**THE TASK:**
Nothing but the lines from the one holding "ビンテージ　伝統工芸　軽井沢" through the last line of the material below should be set down, exactly and without images.

**ENTRIES SUPPLIED:**

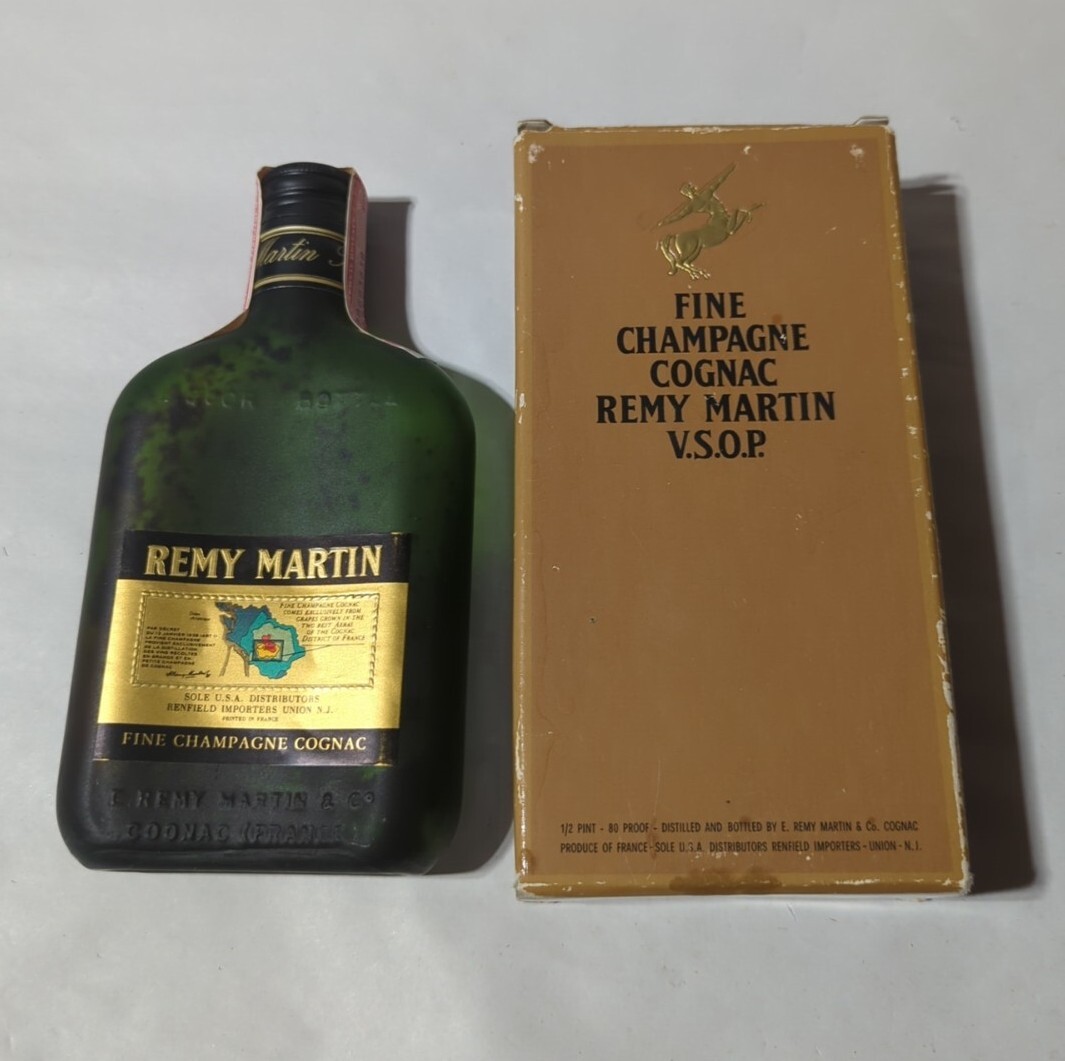 VINTAGE REMY MARTIN FINE CHAMPAGNE COGNAC VSOP EMPTY BOTTLE VINTAGE REMY MARTIN FINE CHAMPAGNE COGNAC VSOP EMPTY BOTTLE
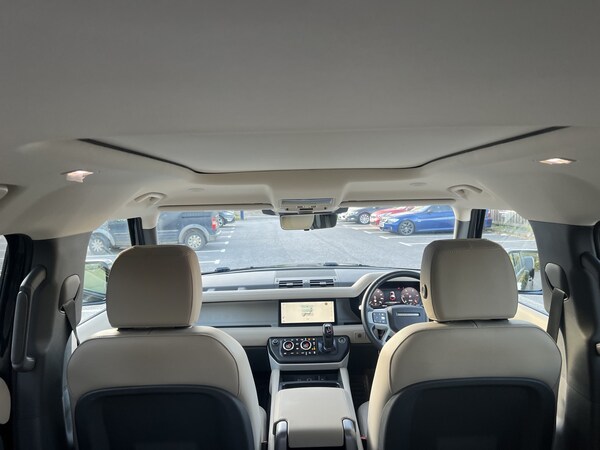 Used Land Rover Defender 110 2023 for sale - 76186730: Photo 24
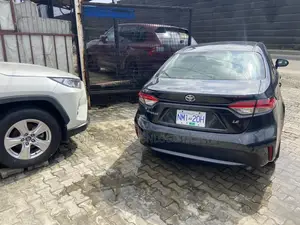 Toyota Corolla LE 2022 Black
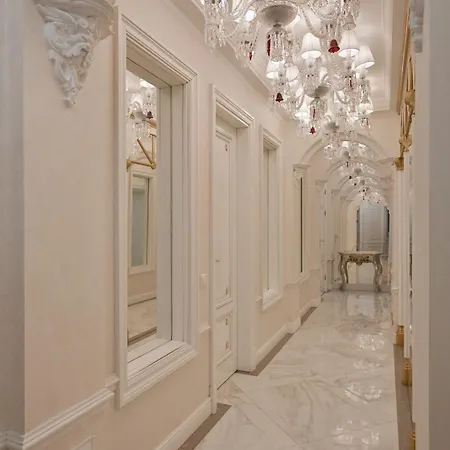 Luxury 4-bdrm With Private Terrace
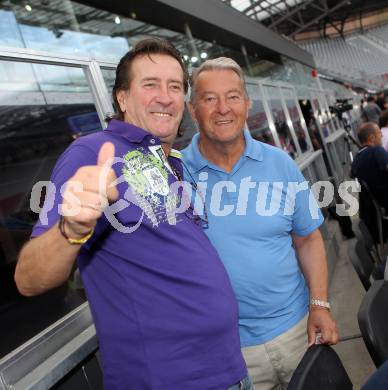 Fussball Testspiel. SK Austria Klagenfurt gegen US Palermo. Fans (Klagenfurt). Walter Grill, Dieter Jandl. Klagenfurt, am 28.7.2010.
Foto: Kuess 
---
pressefotos, pressefotografie, kuess, qs, qspictures, sport, bild, bilder, bilddatenbank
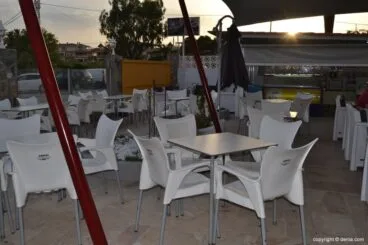 Una de las terrazas del restaurante Luz y Mar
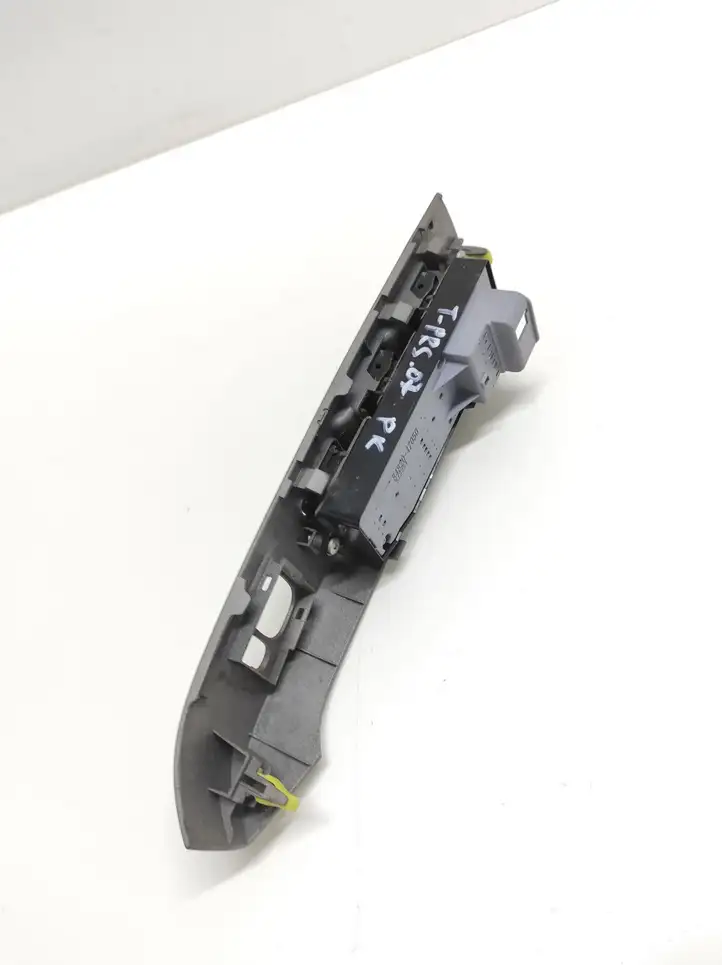 Toyota Prius (XW20) (2003 - 2009) 8482047050 Блок кнопок стеклоподъемников — фото 3
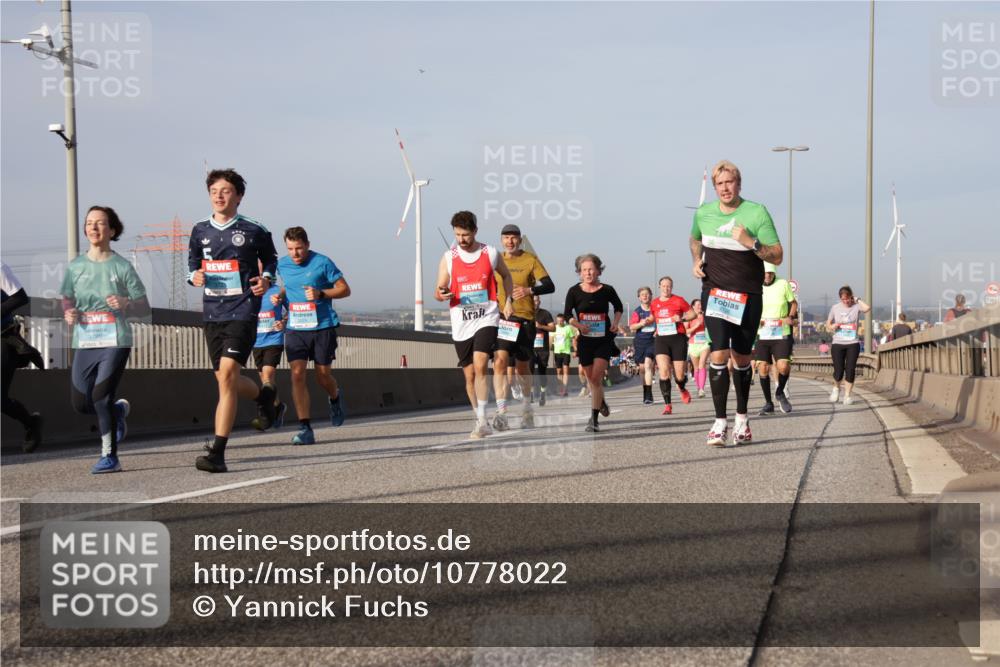 03.10.2026 - Köhlbrandbrückenlauf Yannick Fuchs http://msf.ph/oto/10778022 03.10.2026 09:44:41 Position 2  meine-sportfotos.de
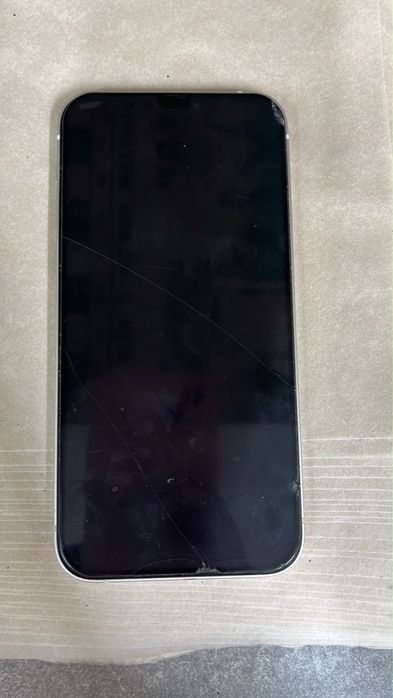 Iphone 12 сатылады. Ақ түсте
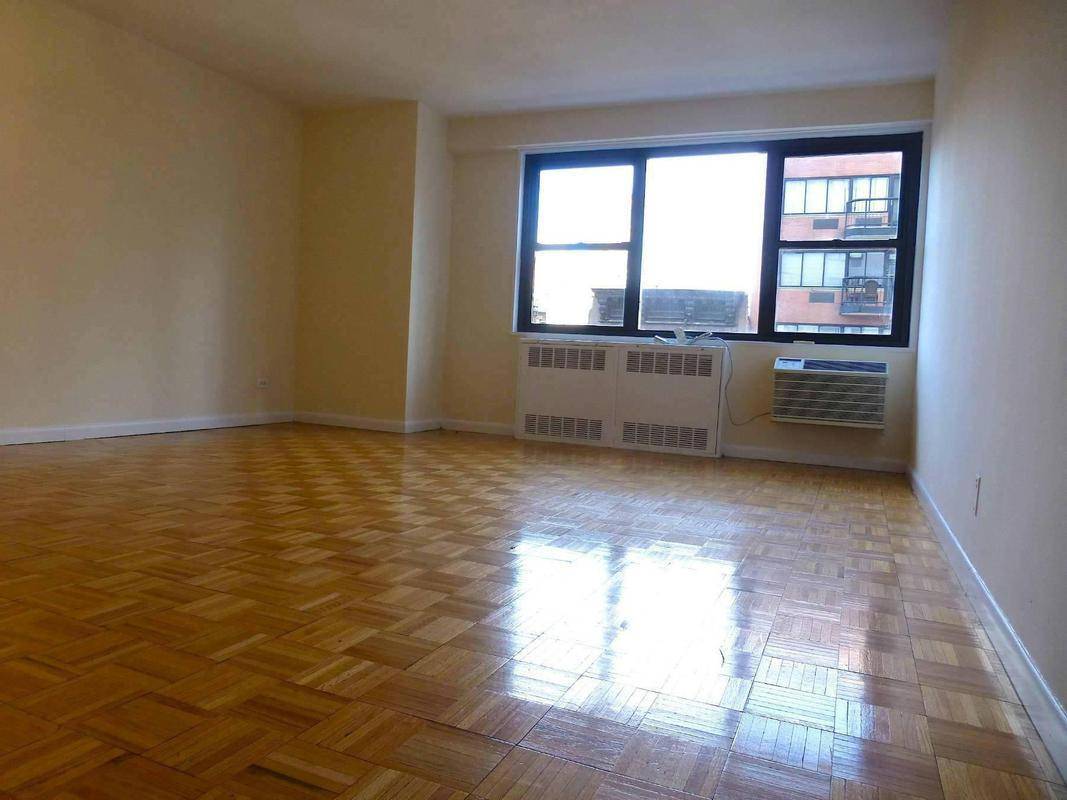 Prize Location!! Alcove Studio in Midtown West. Hardwood Floors, Separate Kitchen, Lots of Closet Space, All Utilities Included in Rent. P/T D/M Laundry in the Building.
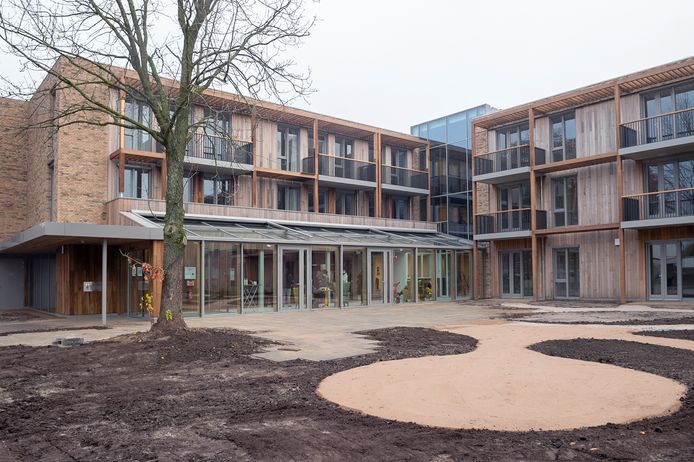 Verpleeghuis eonardushof in Wouw is goed bezig met verduurzamen en heeft daarom de bronzen Milieuthermometer Zorg gekregen.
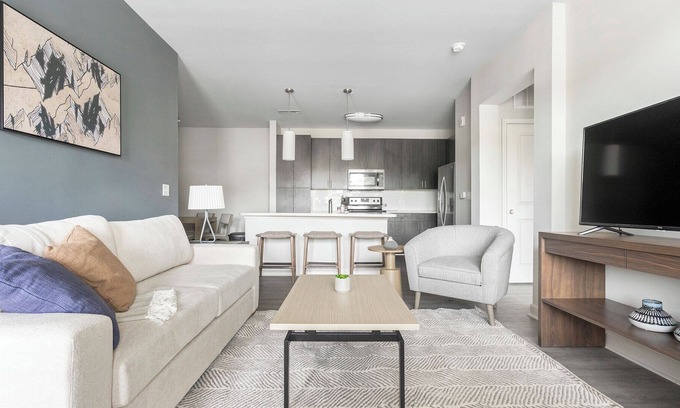 Wake Forest Apartment | Modern Apartment in Prime Location (ID1210X718)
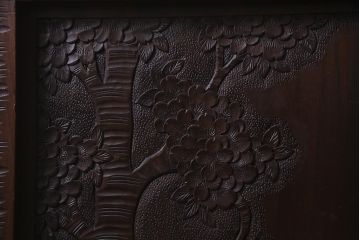 ビンテージ　伝統工芸　軽井沢彫り　桜の木が彫られた木製ベッドフレーム(R-038324)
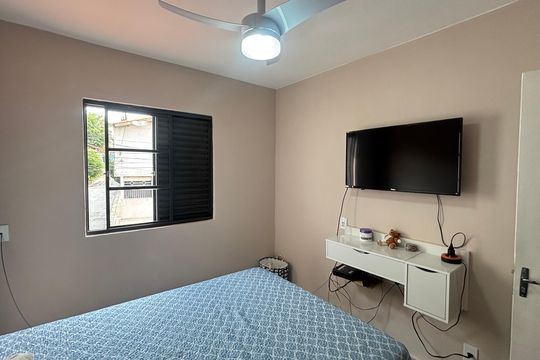 Quarto 1 de casa à venda com 3 quartos, 100m² em Parque Erasmo Assunção, Santo André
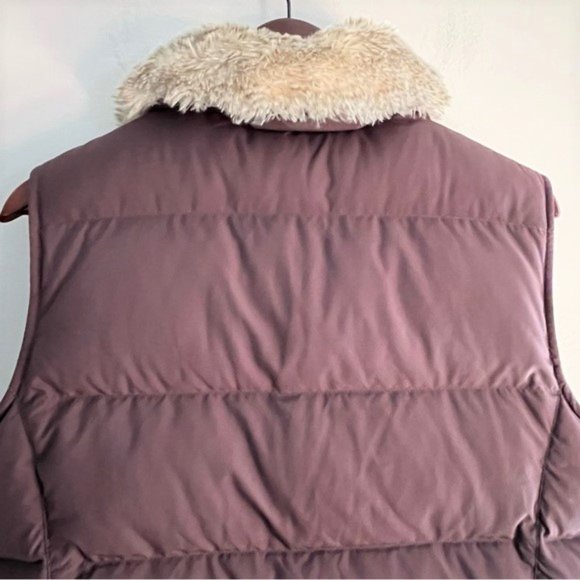 L.L. Bean Goose Down Filled Puffer Vest Removable Faux Fur Collar Size L - Picture 12 of 13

**SOLVED EXERCISE:**
 ビンテージ　伝統工芸　軽井沢彫り　桜の木が彫られた木製ベッドフレーム(R-038324)
 Quarto 1 de casa à venda com 3 quartos, 100m² em Parque Erasmo Assunção, Santo André
 L.L. Bean Goose Down Filled Puffer Vest Removable Faux Fur Collar Size L - Picture 12 of 13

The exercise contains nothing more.